You're equivocating from “some models on some narrow benchmarks” to a universal “AI language models” claim: your best numbers are largely summarization or RAG-constrained setups (Sources 2, 6, 9, 11, 12), which doesn't rebut peer‑reviewed evidence of much higher hallucination rates in other common settings like reference accuracy (28.6% for GPT‑4) and broader factual evaluation (Sources 4 and 3). And even within your own cited benchmark, Source 6 clusters top models around ~5.5%—which is not “less than 5%”—while OpenAI's analysis explicitly expects ≥20% hallucination on certain fact types for base models (Source 1), so your argument is a cherry-picked generalization.
Argument against
The motion asserts a universal “<5%” hallucination rate, but multiple peer‑reviewed evaluations report far higher rates—e.g., 28.6% for GPT‑4 and 39.6% for GPT‑3.5 in a reference-accuracy study (Source 4, PubMed Central), and a survey noting GPT‑4 is only “under 10%” rather than under 5% (Source 3, Frontiers in Artificial Intelligence). Even OpenAI's own analysis argues base models can be expected to hallucinate at least 20% on certain fact types due to memorization failure (Source 1, OpenAI), so the blanket “less than 5%” claim is false outside narrow, task-specific setups.

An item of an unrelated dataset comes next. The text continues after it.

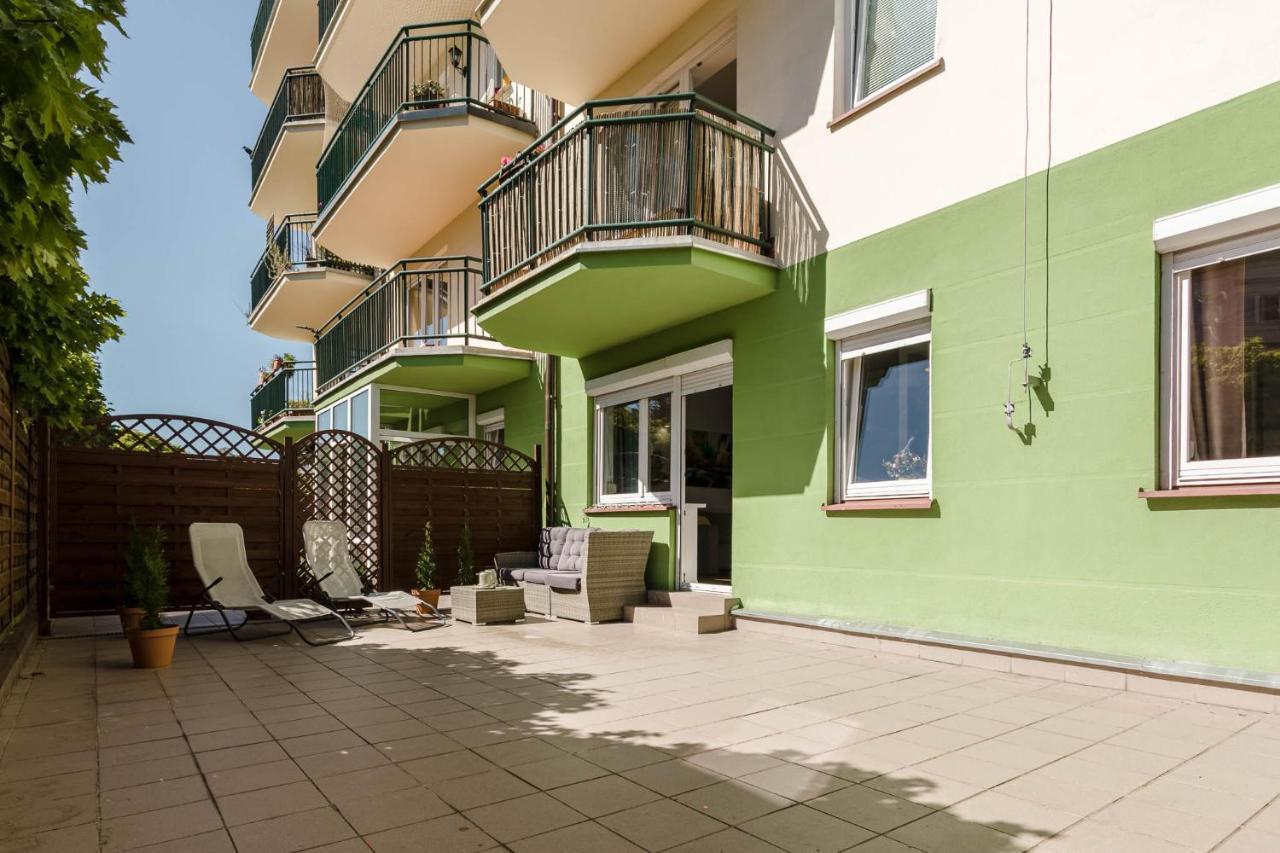 Chill Apartments Kabaty Family Warsaw Ngoại thất bức ảnh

Your argument commits a classic fallacy of composition — you cherry-pick domain-specific or outdated benchmarks (Source 4's reference-accuracy study on older models, Source 1's base model memorization analysis) and falsely generalize them to all AI language models on all tasks, when the claim is plainly supported by current state-of-the-art performance on established benchmarks. Source 9, Source 10, Source 11, and Source 12 all document that leading frontier models achieve sub-5% and even sub-1% hallucination rates on standardized evaluations as recently as 2025–2026, and Source 6's Vectara Leaderboard — an industry-standard, apples-to-apples benchmark — confirms multiple top models clustering around 5.5% or below, which is precisely the evidence base the claim rests on.